The three elder brothers were dark like their father. Klaus, the youngest of Dietrich's brothers, was five years older than Dietrich. So his three brothers and two older sisters formed a natural quintet, while Dietrich found himself grouped with Sabine and their little sister, Susi, as the "three little ones." In this trio, Dietrich enjoyed his role as the strong and chivalrous protector. "I shall never forget Dietrich's sweetness of character," Sabine later wrote, "which showed when we gathered berries on the hot summer slopes. He would fill my little pitcher with the raspberries on the hot summer slopes. He would fill my little pitcher with the raspberries he had toiled to collect, so that I would not have less than he, or share his drink with me." 
Big brother Philip helps us girls carry the veggies.
His chivalrous bent went beyond his sisters. He adored Fraulein Kathe van Horn, their governess from infancy, and "of his own free will he assumed the role of her good spirit who helped and served her. He told her: 'When I am grown up I shall marry you, then you will always be with us.'"
Sabine also remembered when, at about age six, her brother marveled at the sight of a dragonfly hovering above a stream. Wide-eyed, he whispered to his mother: "Look! There is a creature over the water! But don't be afraid, I will protect you!" (8-11)
Okay, I'll be honest. In case you haven't picked up on this yet, part of me loves this description because it reminds me of my own family. Not that our parents let us have a natural history museum in the living room, but there was a time that we had a snake and a caterpillar living in the laundry room. Needless to say, the snake ate the caterpillar. I think, at long last, I can forgive my older brother for his wicked creature's cruel nature. We put on plays for tolerant parents. We also had a natural division between the older and younger children in our family (also of eight children), a division that included the nomenclature: "The Three Little Boys," for my three younger brothers:

The Three Little Boys, circa Great Depression 

And yes, my little sister declared at one point that she would marry, not a governess (we weren't that sort of family), but my brother Charlie, ten years her senior, and her clear favorite, likely because she was his clear favorite. And, as much as I did grow up in any one place, the house we grew up in was a large, rambling affair with three stories and winding hallways and a great number of old house inconveniences. Dear siblings, I miss you.

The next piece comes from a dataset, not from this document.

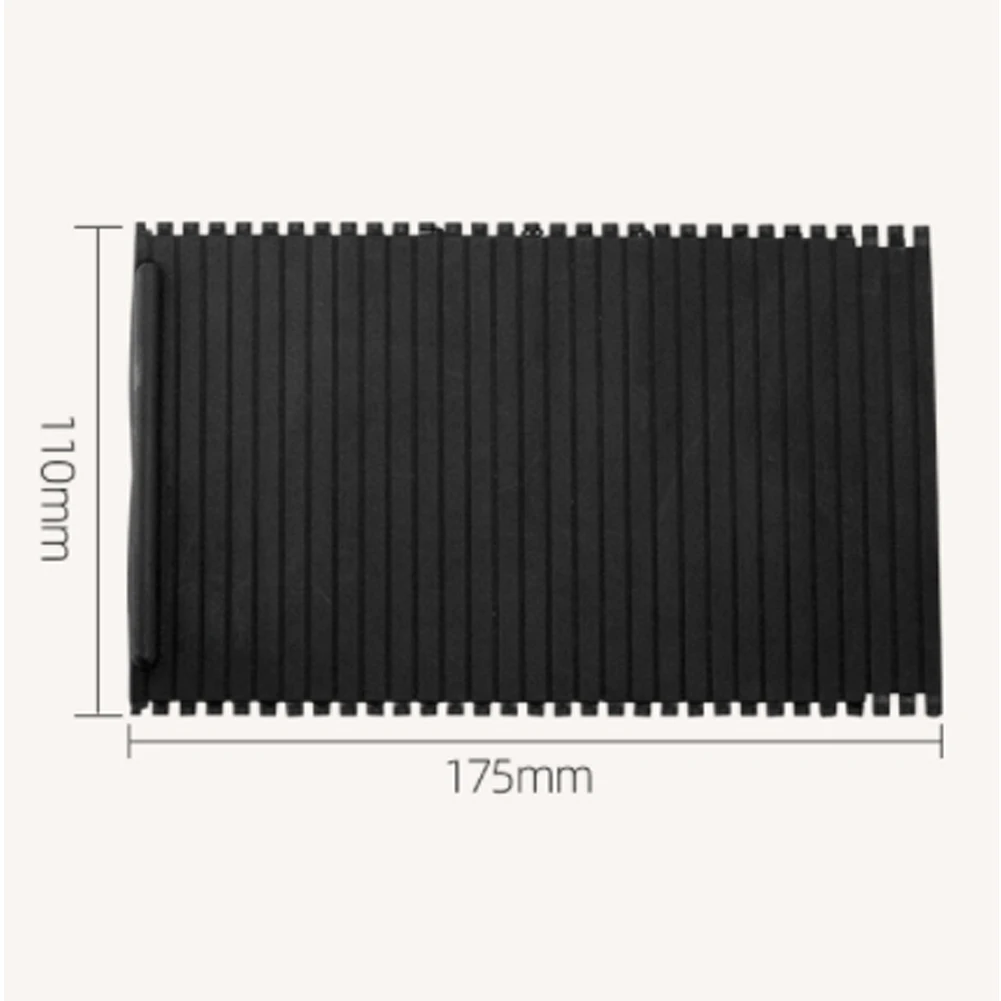 Front Section Zipper Center Console Direct Fit Replacement Board ABS Easy Install Cup Holder Roller Blind Cover For E53 X5 00-06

Cleaning the kitchen has never been more fun.


  1. As Bonhoeffers catch fire, Dietriches draw flame,
    As hov’ring over stream in flowing rills
    The dragonflies descended from the hills
    To let the young knight-errant earn his name,
    And berries to his flowing pitcher came
    To grant Sabine her fair sororal fill;
    Look!—goes his self, alight with knightly will:
    The serpent lurks, but puts us not to shame.

    I say more: the looming laundry-snake
    That feasted on the caterpillar’s bones,
    Potentially a wicked fiery drake,
    Became the herald of a happy home—
    Because of the occasion he did make
    For sisterly forgiveness to be shown.

    1. You never fail to delight. Thank you for your poem, friend.